Local spin-flip transitions induced by magnetic quantum impurities in two-dimensional magnets

TL;DR

This paper predicts a universal local spin-flip transition mechanism caused by magnetic impurities in 2D quantum magnets, linked to magnon bound state crossings, with potential detection via scanning tunneling spectroscopy.

Contribution

It introduces a general spin-flip transition mechanism in 2D magnets caused by impurities, applicable without conservation laws, and demonstrates its detection in specific materials.

Findings

Spin-flip transitions occur when magnon bound states cross zero energy.

The mechanism applies to 2D van der Waals magnets like CrI3 and α-RuCl3.

Detection methods include scanning tunneling spectroscopy.

Abstract

We predict a general local spin-flip transition mechanism caused by magnetic quantum impurities in (partially) polarized phases of quantum magnets in the absence of conservation laws.

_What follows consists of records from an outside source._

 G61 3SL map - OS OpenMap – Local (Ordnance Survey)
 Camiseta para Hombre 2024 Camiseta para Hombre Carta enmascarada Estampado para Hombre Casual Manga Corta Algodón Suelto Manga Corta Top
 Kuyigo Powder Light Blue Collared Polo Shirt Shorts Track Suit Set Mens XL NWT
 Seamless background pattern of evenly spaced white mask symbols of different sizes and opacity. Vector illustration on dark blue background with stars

This transition arises when a magnon bound state crosses zero energy as function of the magnetic field. As application, we study 2D van der Waals magnets described by the Kitaev-Heisenberg honeycomb model which applies to the transition metal trihalides CrI$_3$ and $\alpha$-RuCl$_3$. We consider adatom and substitutional impurity positions, and show how spin-flip transitions can be detected in scanning tunneling spectroscopy.